Source : The Straits Times, June 08 2009
CapitaLand growth strategy is emboldened by the China recovery story.
NINGBO (CHINA): CapitaLand's chief executive Liew Mun Leong does not just believe in the China recovery story - he says the growth strategy for the property development group is also 'emboldened by it'.
-- PHOTO: CAPITALAND.
The plan is to grow its China operations' contribution to group assets from 26 per cent now to between 40 per cent and 45 per cent in the next few years, he said at the launch of the group's fifth Raffles City-brand development in China last Saturday. Prime Minister Lee Hsien Loong was also at the launch.
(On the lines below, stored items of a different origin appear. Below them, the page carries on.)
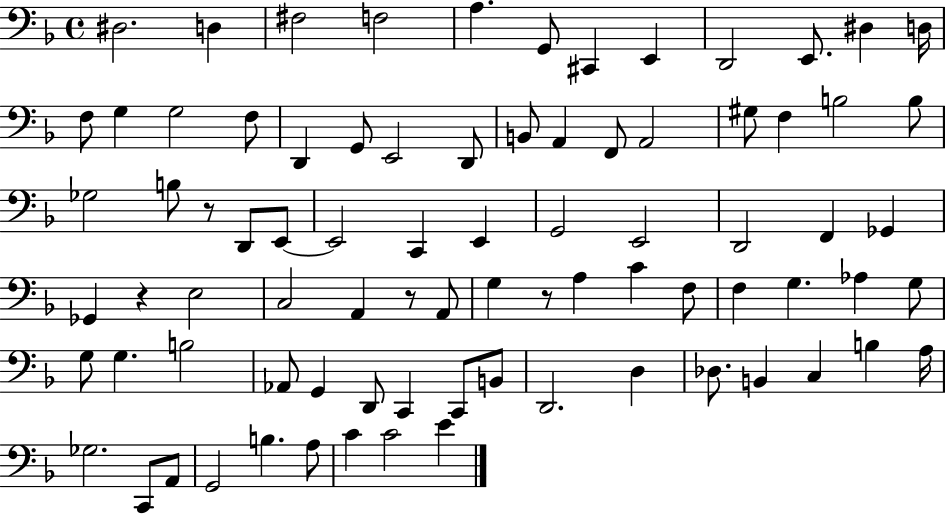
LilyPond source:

{
  \clef bass
  \time 4/4
  \defaultTimeSignature
  \key f \major
  dis2. d4 | fis2 f2 | a4. g,8 cis,4 e,4 | d,2 e,8. dis4 d16 | \break f8 g4 g2 f8 | d,4 g,8 e,2 d,8 | b,8 a,4 f,8 a,2 | gis8 f4 b2 b8 | \break ges2 b8 r8 d,8 e,8~~ | e,2 c,4 e,4 | g,2 e,2 | d,2 f,4 ges,4 | \break ges,4 r4 e2 | c2 a,4 r8 a,8 | g4 r8 a4 c'4 f8 | f4 g4. aes4 g8 | \break g8 g4. b2 | aes,8 g,4 d,8 c,4 c,8 b,8 | d,2. d4 | des8. b,4 c4 b4 a16 | \break ges2. c,8 a,8 | g,2 b4. a8 | c'4 c'2 e'4 | \bar "|."
} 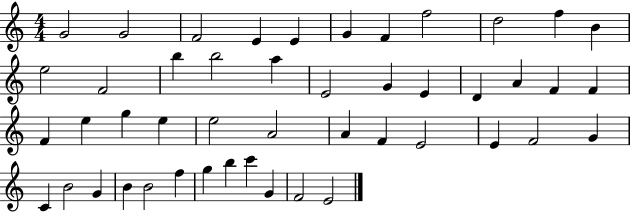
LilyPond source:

{
  \clef treble
  \numericTimeSignature
  \time 4/4
  \key c \major
  g'2 g'2 | f'2 e'4 e'4 | g'4 f'4 f''2 | d''2 f''4 b'4 | \break e''2 f'2 | b''4 b''2 a''4 | e'2 g'4 e'4 | d'4 a'4 f'4 f'4 | \break f'4 e''4 g''4 e''4 | e''2 a'2 | a'4 f'4 e'2 | e'4 f'2 g'4 | \break c'4 b'2 g'4 | b'4 b'2 f''4 | g''4 b''4 c'''4 g'4 | f'2 e'2 | \break \bar "|."
} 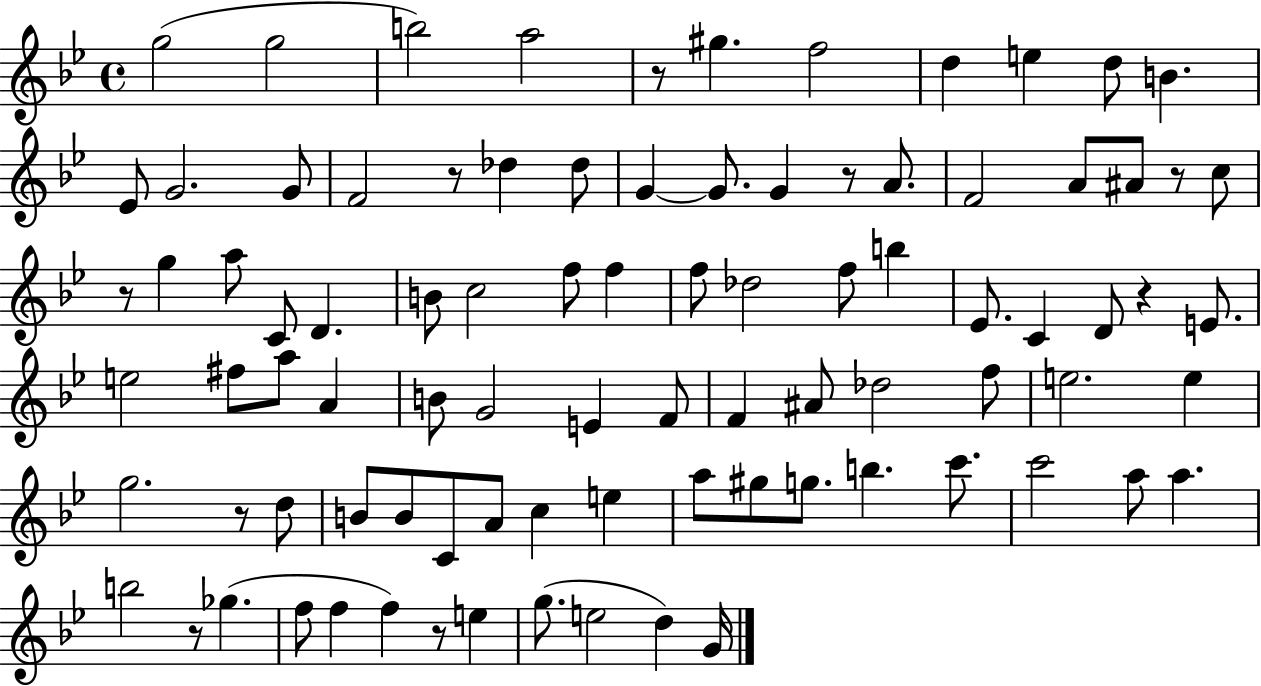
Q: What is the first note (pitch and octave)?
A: G5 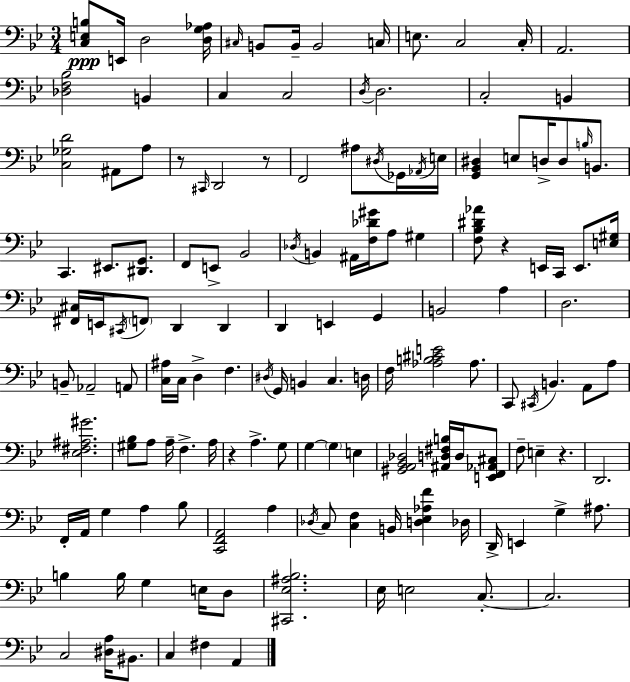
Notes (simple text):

[C3,E3,B3]/e E2/s D3/h [D3,G3,Ab3]/s C#3/s B2/e B2/s B2/h C3/s E3/e. C3/h C3/s A2/h. [Db3,F3,Bb3]/h B2/q C3/q C3/h D3/s D3/h. C3/h B2/q [C3,Gb3,D4]/h A#2/e A3/e R/e C#2/s D2/h R/e F2/h A#3/e D#3/s Gb2/s Ab2/s E3/s [G2,Bb2,D#3]/q E3/e D3/s D3/e B3/s B2/e. C2/q. EIS2/e. [D#2,G2]/e. F2/e E2/e Bb2/h Db3/s B2/q A#2/s [F3,Db4,G#4]/s A3/e G#3/q [F3,Bb3,D#4,Ab4]/e R/q E2/s C2/s E2/e. [E3,G#3]/s [F#2,C#3]/s E2/s C#2/s F2/e D2/q D2/q D2/q E2/q G2/q B2/h A3/q D3/h. B2/e Ab2/h A2/e [C3,A#3]/s C3/s D3/q F3/q. D#3/s G2/s B2/q C3/q. D3/s F3/s [Ab3,B3,C#4,E4]/h Ab3/e. C2/e C#2/s B2/q. A2/e A3/e [Eb3,F#3,A#3,G#4]/h. [G#3,Bb3]/e A3/e A3/s F3/q. A3/s R/q A3/q. G3/e G3/q G3/q E3/q [G#2,A2,Bb2,Db3]/h [A#2,D3,F#3,B3]/s D3/s [E2,F2,Ab2,C#3]/e F3/e E3/q R/q. D2/h. F2/s A2/s G3/q A3/q Bb3/e [C2,F2,A2]/h A3/q Db3/s C3/e [C3,F3]/q B2/s [D3,Eb3,Ab3,F4]/q Db3/s D2/s E2/q G3/q A#3/e. B3/q B3/s G3/q E3/s D3/e [C#2,Eb3,A#3,Bb3]/h. Eb3/s E3/h C3/e. C3/h. C3/h [D#3,A3]/s BIS2/e. C3/q F#3/q A2/q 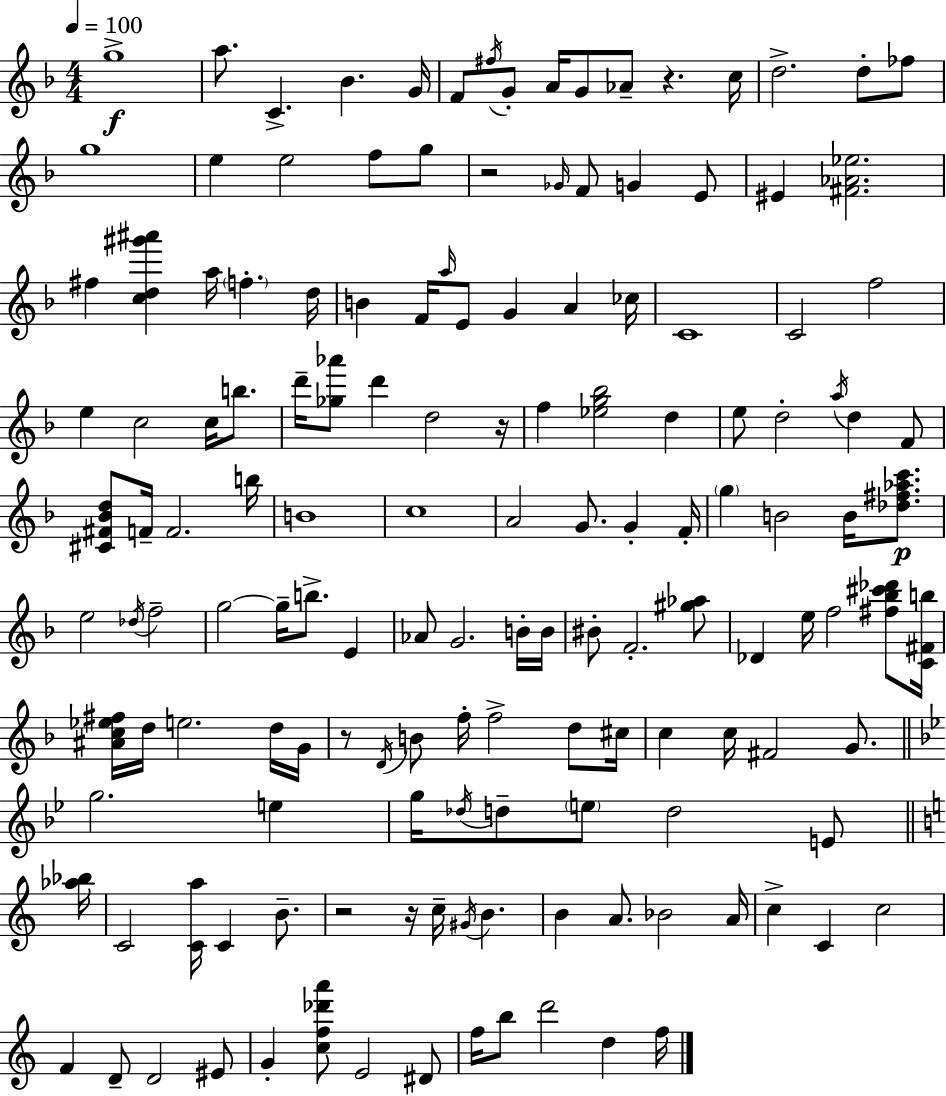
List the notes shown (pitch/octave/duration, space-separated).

G5/w A5/e. C4/q. Bb4/q. G4/s F4/e F#5/s G4/e A4/s G4/e Ab4/e R/q. C5/s D5/h. D5/e FES5/e G5/w E5/q E5/h F5/e G5/e R/h Gb4/s F4/e G4/q E4/e EIS4/q [F#4,Ab4,Eb5]/h. F#5/q [C5,D5,G#6,A#6]/q A5/s F5/q. D5/s B4/q F4/s A5/s E4/e G4/q A4/q CES5/s C4/w C4/h F5/h E5/q C5/h C5/s B5/e. D6/s [Gb5,Ab6]/e D6/q D5/h R/s F5/q [Eb5,G5,Bb5]/h D5/q E5/e D5/h A5/s D5/q F4/e [C#4,F#4,Bb4,D5]/e F4/s F4/h. B5/s B4/w C5/w A4/h G4/e. G4/q F4/s G5/q B4/h B4/s [Db5,F#5,Ab5,C6]/e. E5/h Db5/s F5/h G5/h G5/s B5/e. E4/q Ab4/e G4/h. B4/s B4/s BIS4/e F4/h. [G#5,Ab5]/e Db4/q E5/s F5/h [F#5,Bb5,C#6,Db6]/e [C4,F#4,B5]/s [A#4,C5,Eb5,F#5]/s D5/s E5/h. D5/s G4/s R/e D4/s B4/e F5/s F5/h D5/e C#5/s C5/q C5/s F#4/h G4/e. G5/h. E5/q G5/s Db5/s D5/e E5/e D5/h E4/e [Ab5,Bb5]/s C4/h [C4,A5]/s C4/q B4/e. R/h R/s C5/s G#4/s B4/q. B4/q A4/e. Bb4/h A4/s C5/q C4/q C5/h F4/q D4/e D4/h EIS4/e G4/q [C5,F5,Db6,A6]/e E4/h D#4/e F5/s B5/e D6/h D5/q F5/s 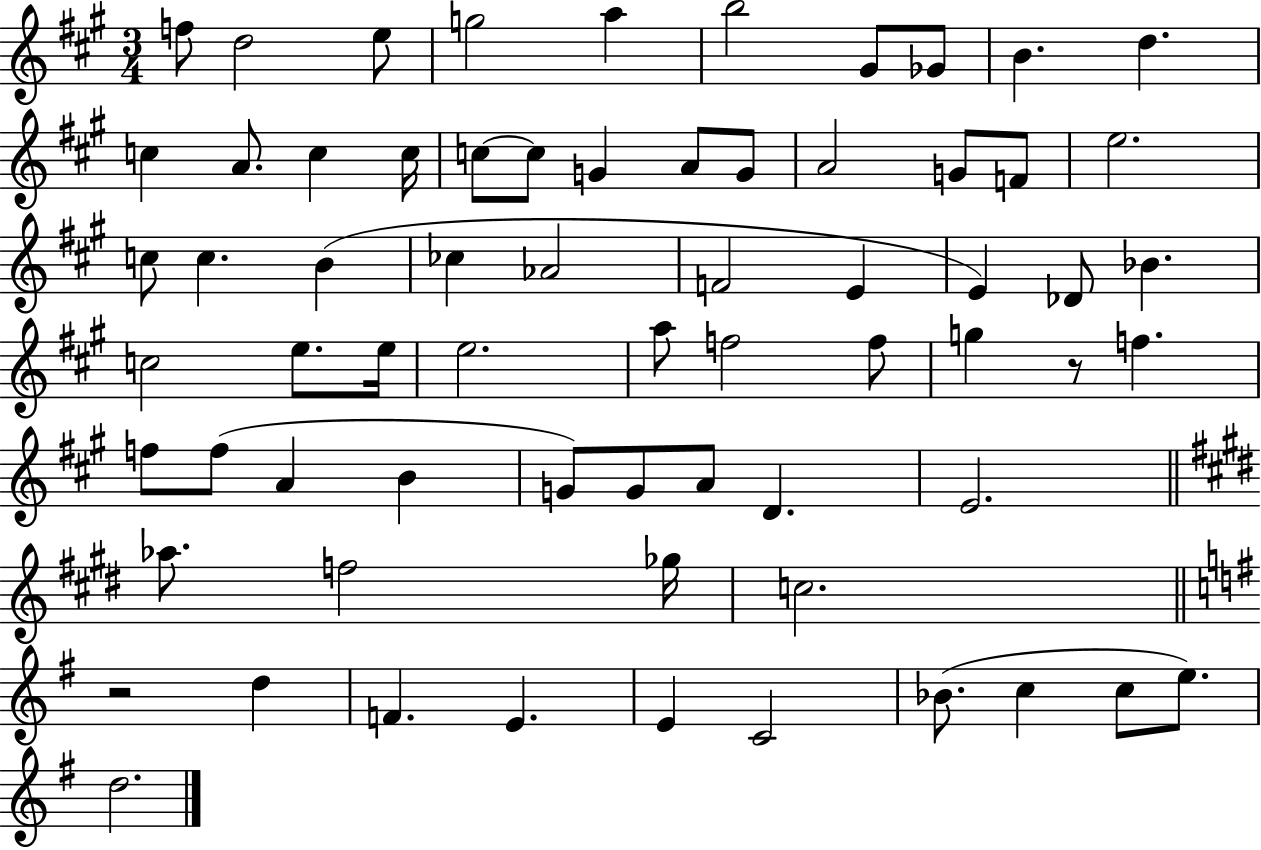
{
  \clef treble
  \numericTimeSignature
  \time 3/4
  \key a \major
  f''8 d''2 e''8 | g''2 a''4 | b''2 gis'8 ges'8 | b'4. d''4. | \break c''4 a'8. c''4 c''16 | c''8~~ c''8 g'4 a'8 g'8 | a'2 g'8 f'8 | e''2. | \break c''8 c''4. b'4( | ces''4 aes'2 | f'2 e'4 | e'4) des'8 bes'4. | \break c''2 e''8. e''16 | e''2. | a''8 f''2 f''8 | g''4 r8 f''4. | \break f''8 f''8( a'4 b'4 | g'8) g'8 a'8 d'4. | e'2. | \bar "||" \break \key e \major aes''8. f''2 ges''16 | c''2. | \bar "||" \break \key g \major r2 d''4 | f'4. e'4. | e'4 c'2 | bes'8.( c''4 c''8 e''8.) | \break d''2. | \bar "|."
} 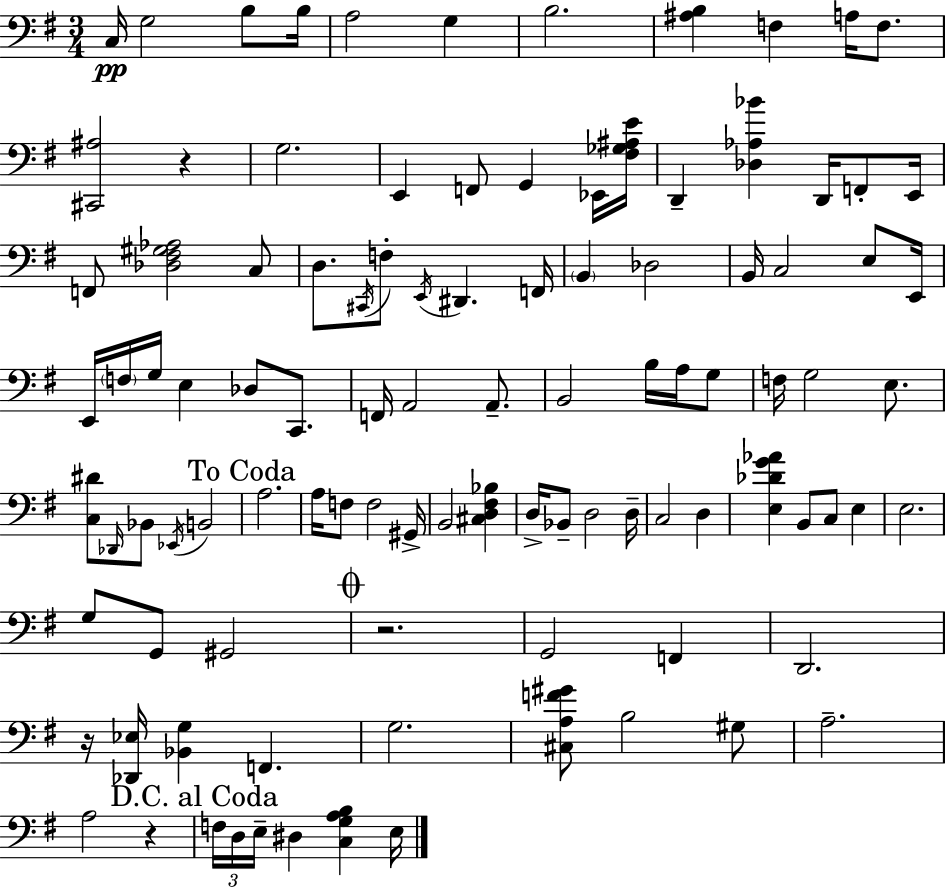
C3/s G3/h B3/e B3/s A3/h G3/q B3/h. [A#3,B3]/q F3/q A3/s F3/e. [C#2,A#3]/h R/q G3/h. E2/q F2/e G2/q Eb2/s [F#3,Gb3,A#3,E4]/s D2/q [Db3,Ab3,Bb4]/q D2/s F2/e E2/s F2/e [Db3,F#3,G#3,Ab3]/h C3/e D3/e. C#2/s F3/e E2/s D#2/q. F2/s B2/q Db3/h B2/s C3/h E3/e E2/s E2/s F3/s G3/s E3/q Db3/e C2/e. F2/s A2/h A2/e. B2/h B3/s A3/s G3/e F3/s G3/h E3/e. [C3,D#4]/e Db2/s Bb2/e Eb2/s B2/h A3/h. A3/s F3/e F3/h G#2/s B2/h [C#3,D3,F#3,Bb3]/q D3/s Bb2/e D3/h D3/s C3/h D3/q [E3,Db4,G4,Ab4]/q B2/e C3/e E3/q E3/h. G3/e G2/e G#2/h R/h. G2/h F2/q D2/h. R/s [Db2,Eb3]/s [Bb2,G3]/q F2/q. G3/h. [C#3,A3,F4,G#4]/e B3/h G#3/e A3/h. A3/h R/q F3/s D3/s E3/s D#3/q [C3,G3,A3,B3]/q E3/s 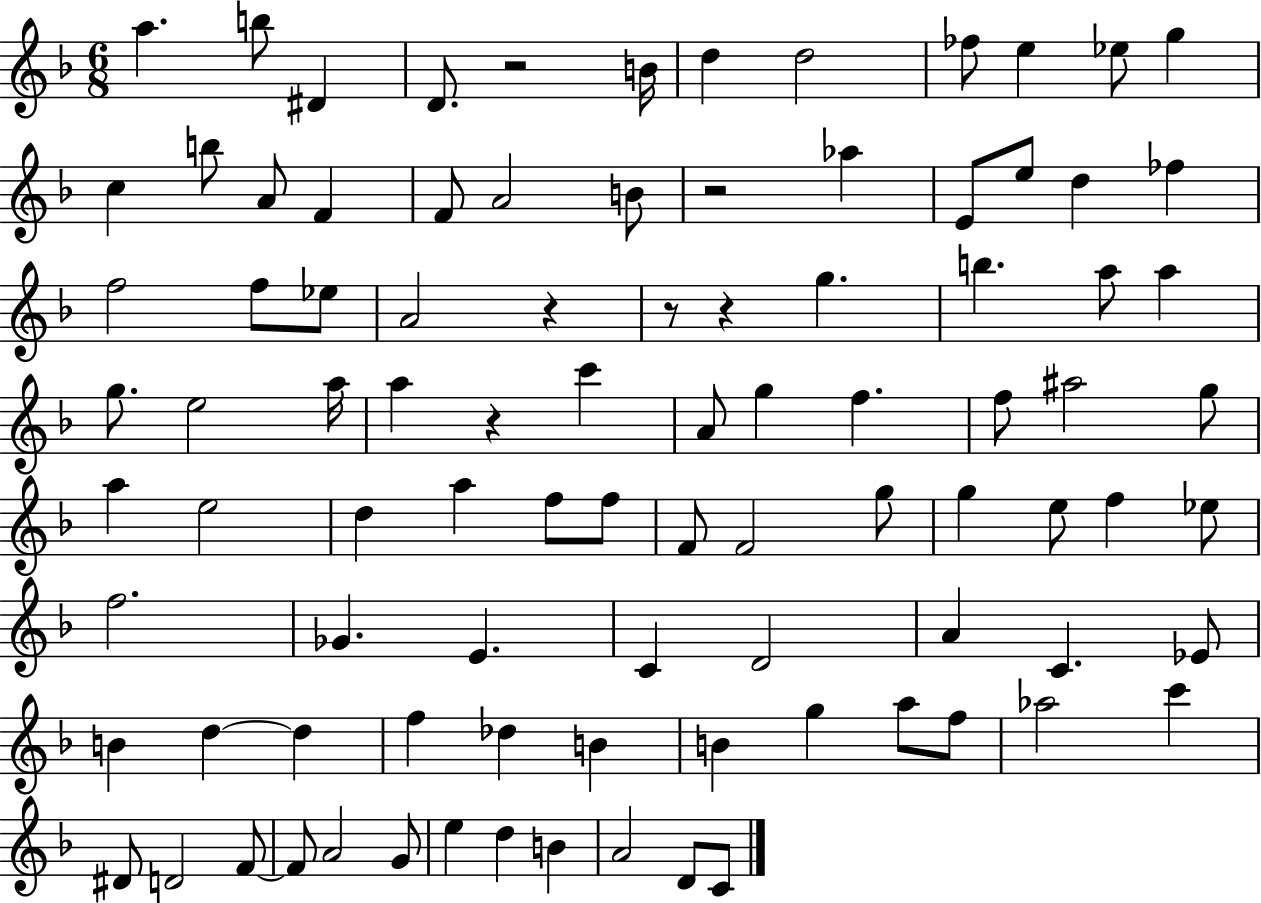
X:1
T:Untitled
M:6/8
L:1/4
K:F
a b/2 ^D D/2 z2 B/4 d d2 _f/2 e _e/2 g c b/2 A/2 F F/2 A2 B/2 z2 _a E/2 e/2 d _f f2 f/2 _e/2 A2 z z/2 z g b a/2 a g/2 e2 a/4 a z c' A/2 g f f/2 ^a2 g/2 a e2 d a f/2 f/2 F/2 F2 g/2 g e/2 f _e/2 f2 _G E C D2 A C _E/2 B d d f _d B B g a/2 f/2 _a2 c' ^D/2 D2 F/2 F/2 A2 G/2 e d B A2 D/2 C/2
Mr Liew told The Straits Times that China's growth is leading the world because of its response to the crisis; its 4 trillion yuan (S$848 billion) stimulus plan was quick and effective.
'Before China was really affected by the global crisis, it had already recovered,' he quipped.
To illustrate the point, Mr Lim Ming Yan, chief executive of CapitaLand China Holdings, said: 'Retail sales in China are still growing. They grew 15 per cent in the last quarter compared to the same period last year. People are still spending.'
This is true from Beijing to Shanghai, and even Ningbo, an international port city about 150km south of Shanghai, on the edge of Hangzhou Bay, he observed.
Raffles City Ningbo is CapitaLand's fifth Raffles City-brand development in China, after Shanghai, Beijing, Chengdu and Hangzhou. The integrated development will comprise a 50,000 sq m mall, a 30,000 sq m Grade A office tower and a 20,000 sq m tower for serviced apartments.
Raffles City Ningbo, to be completed by 2012, will have similar retail offerings as the Raffles City malls in Beijing and Shanghai.
Ningbo residents are affluent, said Mr Liew, as the city's GDP per capita was US$10,000 (S$14,500) last year, second only to Shanghai's.
Forty per cent of buyers for CapitaLand's Summit Residences development in Ningbo - being built adjacent to Raffles City - paid cash upfront for their properties, said Mr Qian Yiqi, general manager of CapitaLand China's Ningbo Project. The units sold for between 16,000 yuan and 20,000 yuan per sq m.
Over the weekend, CapitaLand also signed strategic cooperation agreements with the Bank of China and the Industrial and Commercial Bank of China to grant its China businesses a credit limit allocation of up to 25 billion yuan.
This is not a credit facility but a framework to facilitate the ease of lending from either bank for ongoing or future projects and 'demonstrates China's commitment to (invite) investments from foreigners', said Mr Liew.
Its China portfolio, including projects under development, is worth S$17.5 billion and comprises 113 projects in 47 cities.
'Projects in China are very huge, (around) S$800 million for one project,' said Mr Liew.
Of his overall China strategy, Mr Liew said Tianjin and Changsha possess 'a lot of opportunities', and that 'residential (developments) are always the lion's share of market opportunities'.
He said: 'In any city, usually you build (the residents) homes first. Then you find them jobs and build them offices. Then when they make money you build them shopping malls.'
He reiterated that the group is always on the lookout to buy distressed assets and turn them around - as it had already done with four residential properties in Beijing in recent years.
The upside of picking up distressed projects is not merely that they are cheaper, he said, but also that they have a quicker turnaround as their plans have already been approved.
He said: 'Not only good projects, even good companies. If they're distressed but good, maybe we'll look at them. Why not?'
As China continues to catch up with the modern global economy, Mr Liew said CapitaLand retains a competitive advantage because 'they're still behind us in terms of finishes'.